Though southwestern France is the site of Malbec’s roots, Argentina is where the grape has decided to build its home and its future. Mendoza to be precise in this case. Malbec has been planted all over Argentina with varying degrees of success, but thus far it seems that the dry, high altitude terrain of Mendoza and its sand and red clay soil is just where Malbec wants to build the big, spreading villa and in fact has…

So within this new(ish) heartland for the grape (Malbec in Argentina dates to the mid-19th century), the producer Achaval Ferrer has, with this wine, decided to produce a wine that reflects, rather than a celebrated terroir or a winemaker’s personal style, the Malbec variety itself. The “technical” word for this idea is “typicity” which can be defined as a grape variety’s essential, native characteristics – the ones that seem to assert themselves above place or human personality. Without putting too fine a point on this concept, it’s a sort of “Platonic Ideal” of any given grape variety. In this drinker’s opinion, mission accomplished, and well done too. This bottle nicely captures and magnifies the balanced, round, velvety mixed berry personality of the fruit of this vine.

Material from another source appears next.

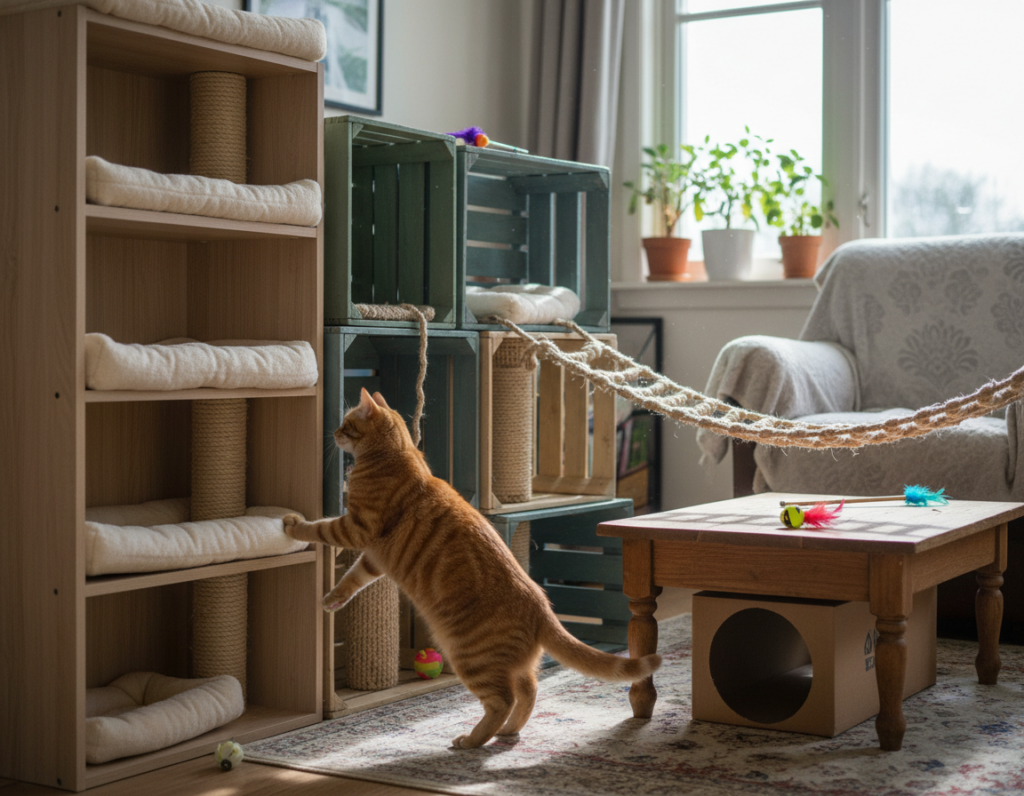 Budget-Friendly Climbing Paths Using Furniture You Already Own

I served this BIG (14.5% alcohol, but without a TRACE of heat or clumsiness) wine with a grilled skirt steak with black bean and rice and a sauce originating from Argentina’s continent-mate Venezuela called guasacaca which, with a few changes here and there, is a somewhat thinned guacamole.

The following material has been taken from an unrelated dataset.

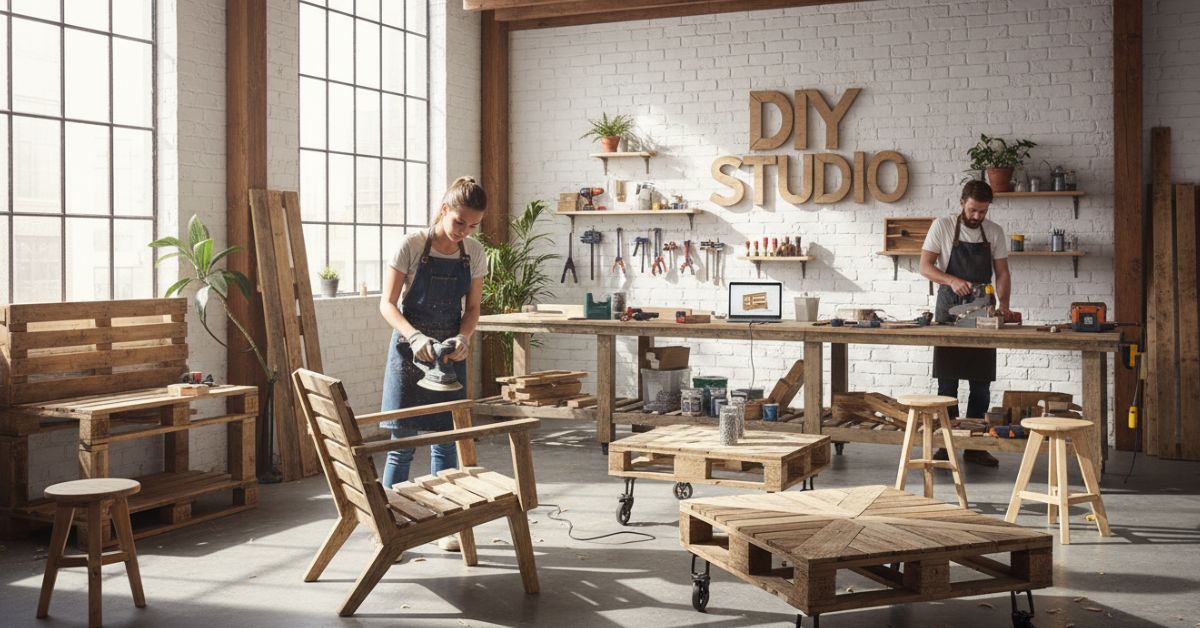 Cómo hacer muebles con palets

Achaval Ferrer Mendoza  Malbec 2010

Very saturated, opaque vermillion/purple color. “Modern” and clean aromas of wood smoke, blueberry, clove, plum, dried dark flowers, and a touch of medicinal herbs. The palate is big and dense but still quite elegant, with a pulpy, juicy, and rich mouthfeel and a polished structure framing bold, chunky/chewy flavors of black cherry, juniper berries, cocoa, and black tea. Big, warm and long plump blackberry finish.